The Statistics of the Putter's Game

When I first saw this piece on improved putting statistics in the Wall Street Journal, I put on my typical skeptic's face when it comes to science in the news, and especially when it comes to the overplay of data analysis and "new statistics" that creeps up in this kind of reporting.

On reading the actual paper by operations researchers Douglas Fearing, Jason Acimovic and Stephen Graves, I was pleasantly surprised at the care and attention they've put into the problem. Having a rich data set is essential, and they've got one in the PGA putting database; I would cringe if the authors were required to gather their own data and make overly broad conclusions on that basis.

The writers have deftly avoided the kinds of oversimplifications that make students of sports analysis cringe. Their model is simply stated -- figure out the factors that lead to making putts, and for those that weren't made, model how bad the misses are -- but the tricks to getting the computation right are subtle. Most importantly, they validate their models against data and resist the temptation to overfit, and they do well to produce a relevant quantity for each player (shots gained through putting, compared to a baseline) that can be predicted and therefore validated on a regular basis.

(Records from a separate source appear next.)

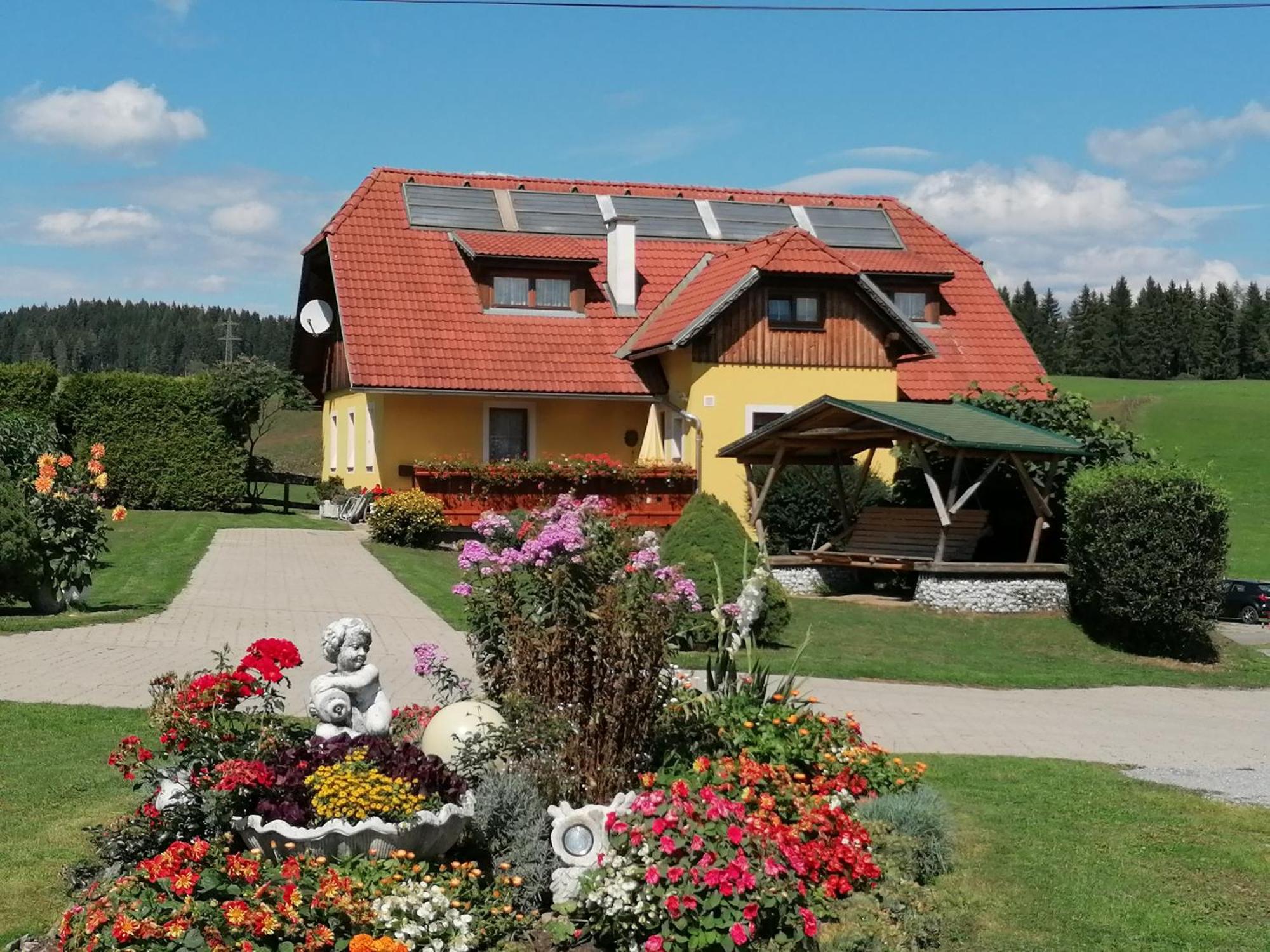 Hotel Gasthof Seeblick Zeutschach Екстер'єр фото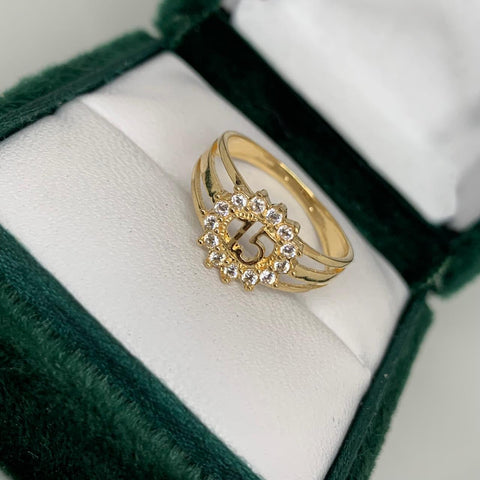 Anillo 15 Años Flor Circones Blancos Oro amarillo 18k / Talla 6 1/4  / 2,50 Gr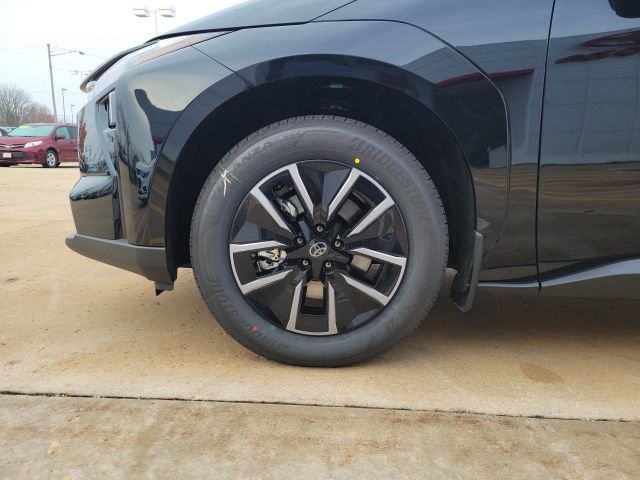 Used 2026 Toyota bZ AWD/4WD image 16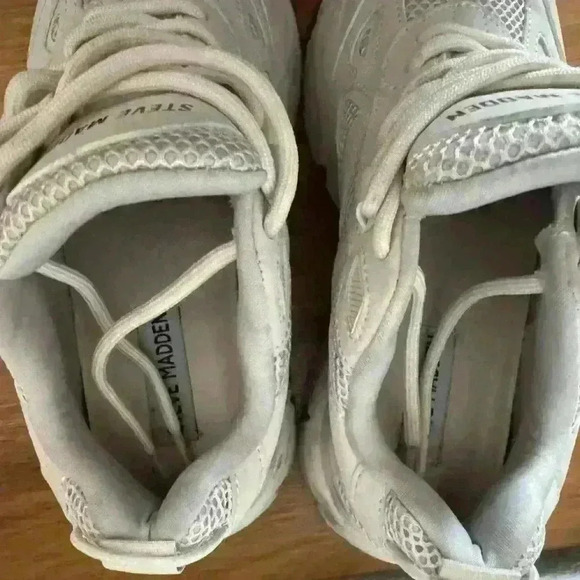 STEVE MADDEN CLYDIE SNEAKERS BEIGE SIZE 7.5 - Picture 9 of 12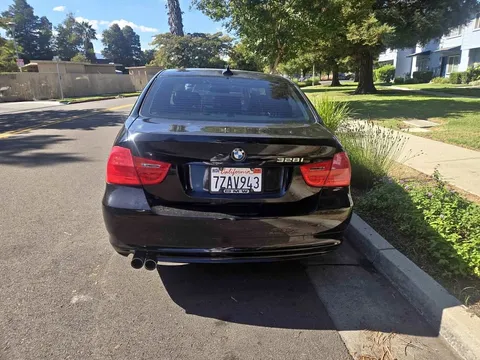 2012 BMW 3 Series 318i Sedan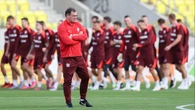 Trudny debiut Jana Urban. Jego poprzednicy radzili sobie kiepsko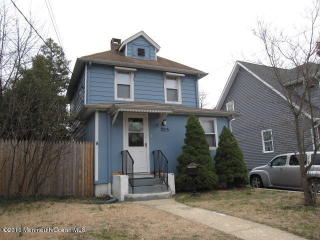 355 Church St, Belford NJ  07718-1068 exterior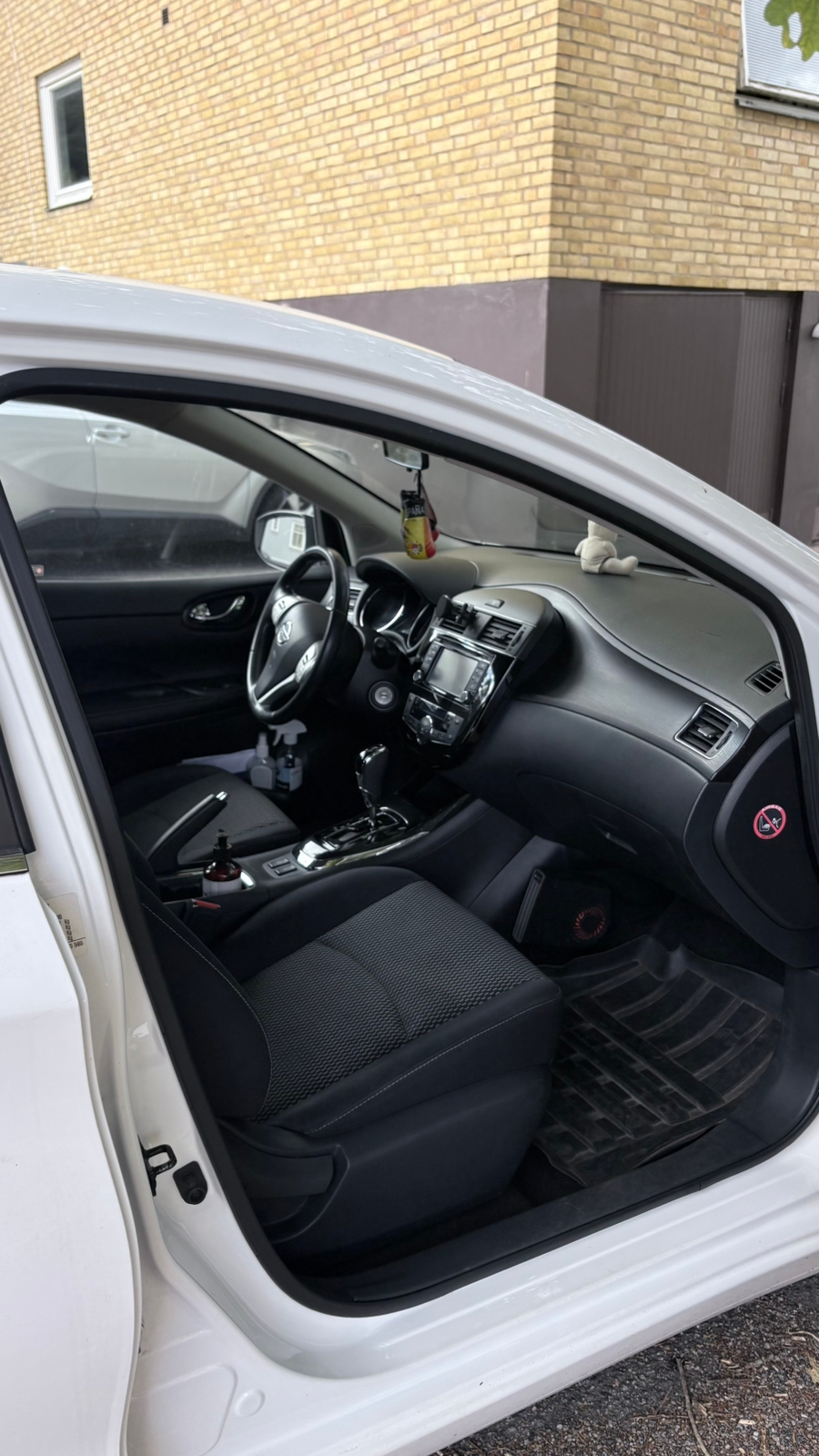 Nissan Pulsar 1.2 DIG-T XTRONIC-CVT 2015, bild 4/10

I have the usual gripes about graphics and other statements; I want to see error bars on graphs, for example, and I really want to know about the predictive error -- that is, how well the putts-gained-per-round statistic will predict future putting performance (within one tournament, one month, one year, etc.) -- but all in all, I'm glad I went to read the paper myself and be reassured that the PGA is advertising a worthwhile product.